Tunisie: Les islamistes revendiquent la victoire à l'élection pour une Assemblée constituante

La Tunisie a organisé dimanche 23 octobre des élections pour élire une Assemblée constituante de 217 membres dont la tâche est de rédiger une nouvelle constitution d'ici un an. L'Assemblée formera aussi un nouveau gouvernement intérimaire et désignera un exécutif provisoire jusqu'à la tenue d'élections générales prévues pour la fin de l'année prochaine.

L'objectif déclaré de l'Assemblée constituante est de concevoir une nouvelle constitution et un nouveau régime politique pour la Tunisie, dont le dictateur soutenu par les Etats-Unis, le président Zine El Abidine Ben Ali avait été contraint de fuir son pays du fait des manifestations de masse de la classe ouvrière en janvier dernier. Ces manifestations avaient commencé après qu'un chômeur vendeur de légumes, Mohamed Bouazizi s'était immolé par le feu à Sidi Bouzid pour protester contre la misère sociale et la répression d'Etat. Les tentatives ratées de Ben Ali pour réprimer les protestations avaient conduit à sa chute et avaient déclenché des manifestations dans tout le monde arabe, et provoqué la chute du dictateur égyptien soutenu par les Etats-Unis, Hosni Bubarak. 

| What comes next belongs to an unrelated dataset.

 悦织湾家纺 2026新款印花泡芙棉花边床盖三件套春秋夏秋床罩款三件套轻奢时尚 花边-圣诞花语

Le successeur de Ben Ali, le président Fouad Mebazza, a mis en place une commission sur la réforme après que des manifestations de masse en février eurent contraint à la démission le premier ministre Mohamed Ghannouchi afin de stabiliser le régime et faire cesser les protestations et les grèves. C'est cette commission qui a organisé l'élection pour l'Assemblée constituante. Elle comprend des nommés du régime tunisien, des bureaucrates syndicaux, la fédération patronale UTICA et des membres de partis petit-bourgeois de l'ex-gauche tels le Parti démocrate progressif (PDP) et Ettajdid, l'ancien Parti communiste tunisien. (voir La Commission tunisienne sur la Réforme défend le régime capitaliste)

Au moment où ces lignes sont écrites le résultat final de l'élection n'est toujours pas connu, seuls 101 des 217 sièges ayant été pour le moment attribués. Le parti islamiste de droite Ennahda espérait obtenir la majorité du scrutin, dépassant les partis de « centre gauche » tels Ettakatol et Congrès pour la République (CPR). Selon les derniers résultats, Ennahda a obtenu 43 sièges, CPR 16, Ettakatol 10, Aridha Chaabia (Pétition populaire) 12, Le Parti démocrate progressiste (PDP) 5, Afek Tounes 3 et le Parti des travailleurs communistes de Tunisie, maoïste, (PCOT) de Hamma Hammami 1 siège.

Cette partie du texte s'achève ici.